New York   16-0468020

(State or other jurisdiction of

incorporation or organization)

 

(I.R.S. Employer

Identification No.)

800 Long Ridge Road

P.O. Box 1600

Stamford, Connecticut 06904-1600

(Address of Principal Executive Offices) (Zip Code)

 


Xerox Corporation Savings Plan

The Savings Plan of Xerox Corporation and

the Xerographic Division, UNITE HERE

(Full Titles of the Plans)

 


Samuel K. Lee, Esq.

Associate General Counsel, Corporate, Finance and Ventures

Xerox Corporation

800 Long Ridge Road

P.O. Box 1600

Stamford, Connecticut 06904-1600

(Name and Address of Agent for Service)

(203) 968-3000

(Telephone Number, Including Area Code, of Agent for Service)

 


CALCULATION OF REGISTRATION FEE

 


Title of Each Class of Securities to be Registered(1)    Amount to be
Registered(2)
   Proposed Maximum
Offering Price
Per Share (3)
   Proposed Maximum Aggregate
Offering Price (3)
   Amount of
Registration Fee

Common Stock, par value $1.00 per share

   3,000,000    $18.27    $54,810,000    $1,683

(1) Pursuant to Rule 416(c) under the Securities Act of 1933, this Registration Statement also covers an indeterminate amount of interests to be offered or sold pursuant to the employee benefit plans described herein.
(2) Pursuant to Rule 416(b), the number of shares being registered shall be adjusted to include any additional shares of Common Stock that may from time to time be offered or become issuable under the employee benefit plans described herein in connection with, or as a result of, stock splits, stock dividends or similar transactions, which result in an increase in the number of outstanding shares of Common Stock.
(3) Estimated using the average of the high and low prices for Xerox Corporation Common Stock on the New York Stock Exchange on April 25, 2007 solely for purposes of determining the registration fee pursuant to Rule 457(h)(1) and Rule 457(c) under the Securities Act.

 



INTRODUCTORY STATEMENT

This Registration Statement on Form S-8 is being filed by Xerox Corporation (the “Registrant”) for the purpose of registering an additional 3,000,000 shares of the Registrant’s common stock, par value $1.00 per share (“Common Stock”), issued in the Xerox Stock Fund within two 401(k) plans, the Xerox Corporation Savings Plan (formerly the Xerox Corporation Profit Sharing and Savings Plan) and The Savings Plan of Xerox Corporation and the Xerographic Division, UNITE HERE (formerly The Profit Sharing Plan of Xerox Corporation and the Xerographic Division, Union of Needletrades, Industrial and Textile Employees, A.F.L.-C.I.O-C.L.C.) (collectively, the “Plans”). The issuance of these shares does not impact the Registrant’s earnings per share calculation and, therefore, does not have a dilutive effect.

PART II

INFORMATION REQUIRED IN THE REGISTRATION STATEMENT

 

Item 3. Incorporation of Documents by Reference.

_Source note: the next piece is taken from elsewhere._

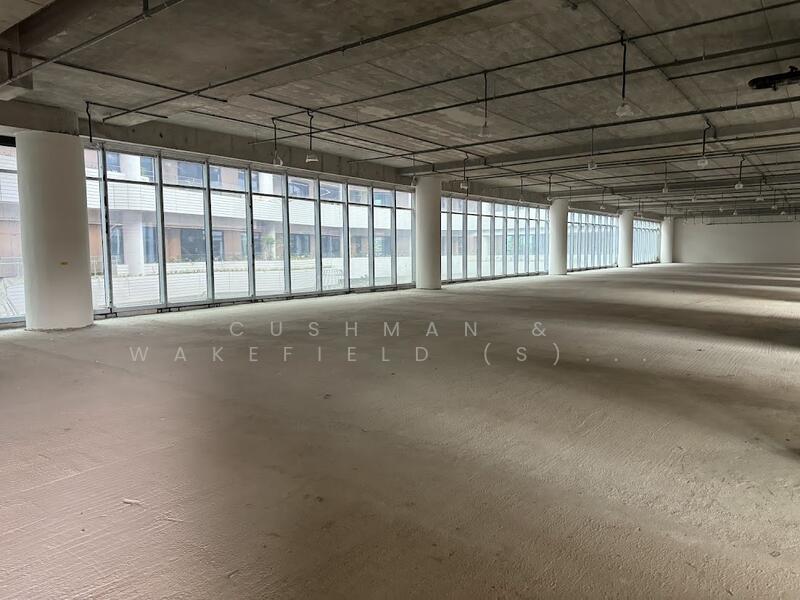 Punggol Digital District, 98 Punggol Way, 66,000 sqft, Business / Science Park For Rent, by JONATHAN TAN, 25491717 - CommercialGuru.com.sg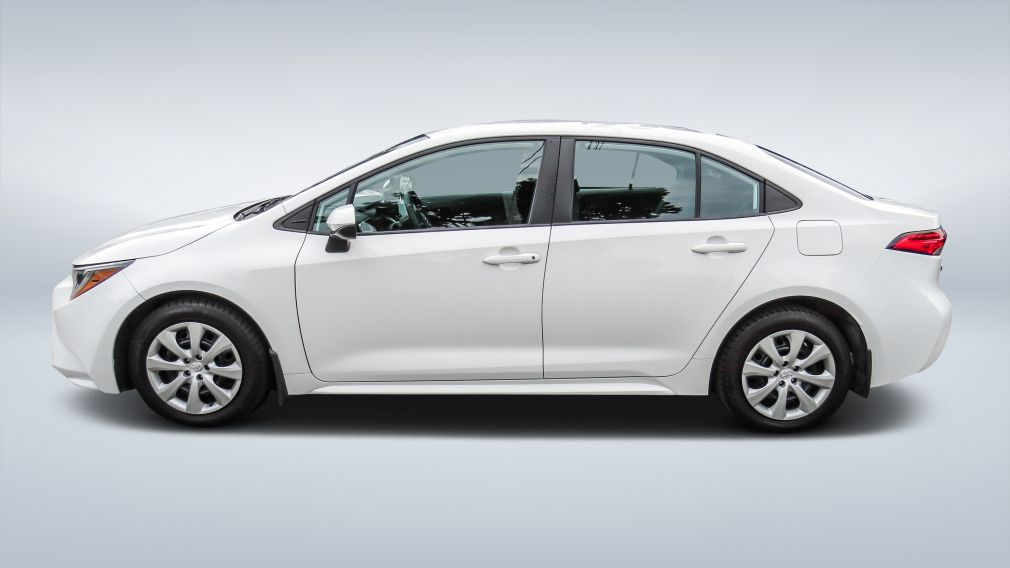 Toyota Corolla LE 2023 d&rsquo;occasion à vendre - 4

The Registrant hereby incorporates by reference in this registration statement the following documents and information heretofore filed with the Commission:

 

1.

   Registrant’s Annual Report on Form 10-K for the year ended December 31, 2006, filed with the Commission on February 16, 2007;

2.

   Xerox Corporation Savings Plan’s Annual Report on Form 11-K for the year ended December 31, 2005, filed with the Commission on June 29, 2006;

3.

   The Savings Plan of Xerox Corporation and the Xerographic Division, UNITE HERE’s Annual Report on Form 11-K for the year ended December 31, 2005, filed with the Commission on June 29, 2006;

4.

   Registrant’s Current Reports on Form 8-K filed with the Commission on February 23, 2007, February 26, 2007, April 2, 2007 and April 5, 2007; and

5.

   Description of Registrant’s Common Stock, contained in Amendment No. 5 to Form 8-A filed with the Commission on February 8, 2000.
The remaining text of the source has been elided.